- What you need to do -
Retype, word for word, the line holding "世界最壮美29座城堡图文说明介绍ppt模板缩略图" and each line after it down to the end of the data; pictures are not copied.

- Provided data -
++++++

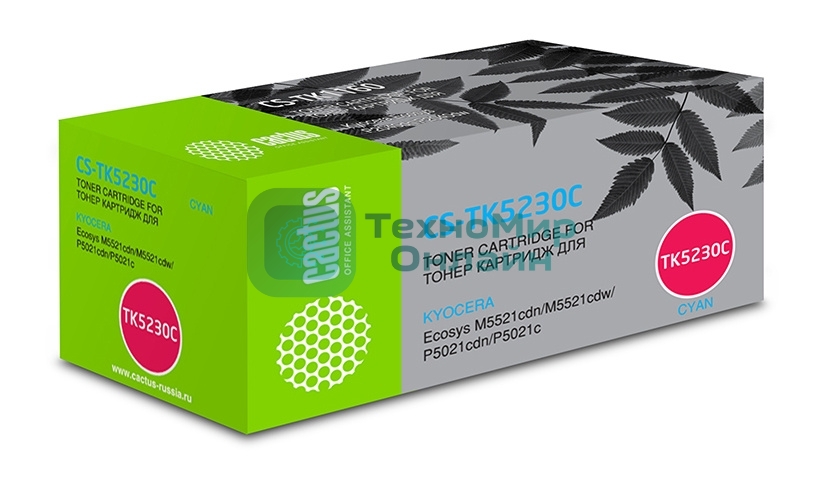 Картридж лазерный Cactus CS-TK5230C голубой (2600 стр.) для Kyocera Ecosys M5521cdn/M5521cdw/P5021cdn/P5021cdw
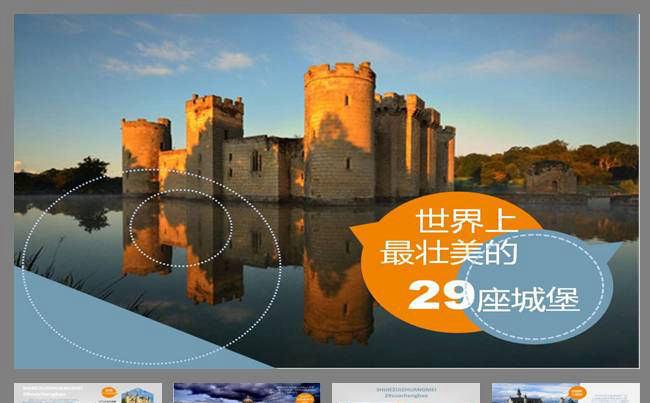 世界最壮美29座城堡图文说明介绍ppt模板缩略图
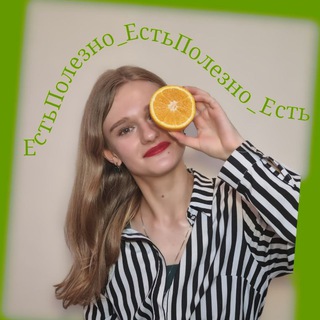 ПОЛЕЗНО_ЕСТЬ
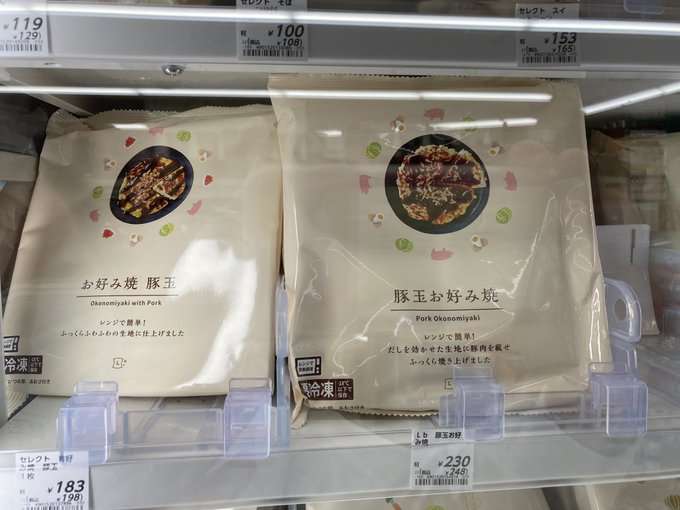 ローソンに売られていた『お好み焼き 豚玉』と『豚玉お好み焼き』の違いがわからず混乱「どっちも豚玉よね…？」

++++++

- Completed task -
 世界最壮美29座城堡图文说明介绍ppt模板缩略图
 ПОЛЕЗНО_ЕСТЬ
 ローソンに売られていた『お好み焼き 豚玉』と『豚玉お好み焼き』の違いがわからず混乱「どっちも豚玉よね…？」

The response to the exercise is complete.